Denali National Park | Alaska
Alaska is actually my dream vacation. I would never go in the winter, but in the summer months, the sun shines and the mountains are beautiful. Denali National Park is home to Mount McKinley, North America’s largest peak, and you may even get the chance to see grizzly bears, caribou and other wild animals (from a distance, of course).
Acadia National Park | Maine
Acadia National Park also tops my bucket list, and I think visiting here in autumn would be especially amazing because of Maine’s beautiful fall foliage. There’s also just something so charming about New England towns, with their lighthouses, boardwalks and luscious pine trees. Acadia is known for its granite rock climbing, and you may even be able to spot whales if you reach a high enough peak.
Glacier National Park | Montana
Nicknamed the Crown of the Continent, Montana’s Glacier National Park features the headwaters for streams that flow to the Pacific Ocean, the Gulf of Mexico, and to Hudson's Bay, which means a lot of water for a lot of boating surrounded by beautiful mountains. The mountains also mean fantastic skiing in the winter.

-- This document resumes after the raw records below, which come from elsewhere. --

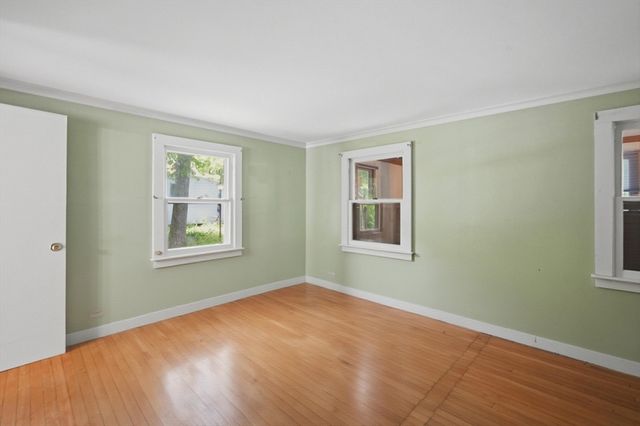28 Lake Dr, Wilbraham, MA 01095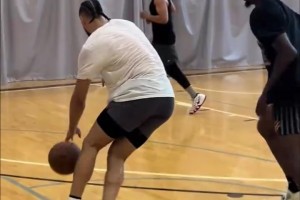 持球能力越来越强了！狄龙这赛季真是完全蜕变了！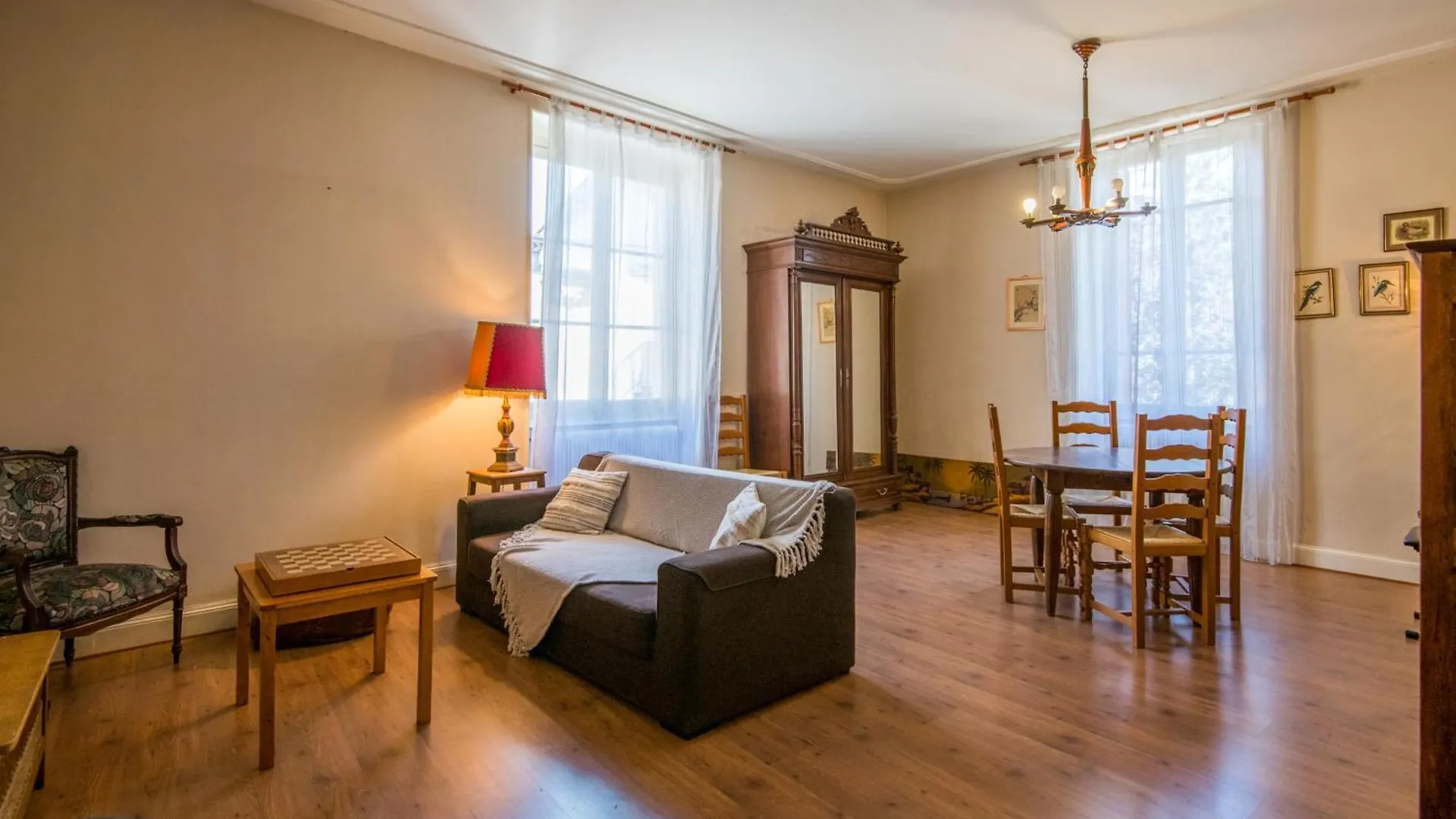 Apartment Maison Eugene Centre-Ville Piscine Jardin Fibre Garage Millau France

Grand Teton National Park | Wyoming
If you would prefer a more relaxed National Park trip than bear-sighting and rock climbing, Grand Teton in Wyoming is known for calm waters and fishing. The Snake River is like a nature-made lazy river, and this August, a solar eclipse will happen right over the park, so you may want to cross this one off the bucket list then.
Carlsbad Caverns | New Mexico
Last but certainly not least, Carlsbad Caverns in New Mexico is a really unique national park because it’s technically underground. A ranger takes you down a lantern-led tour through the dark caves, in which there are waterfalls, streams, and cave formations like the one above that are constantly changing and growing.
Of course, any National Park is worth visiting, and these are only 5 of 59 national parks in the United States. With two entire weekend-long free entrance days coming up in April, now is finally the time to start crossing National Parks off the bucket list. Which one are you excited to see first?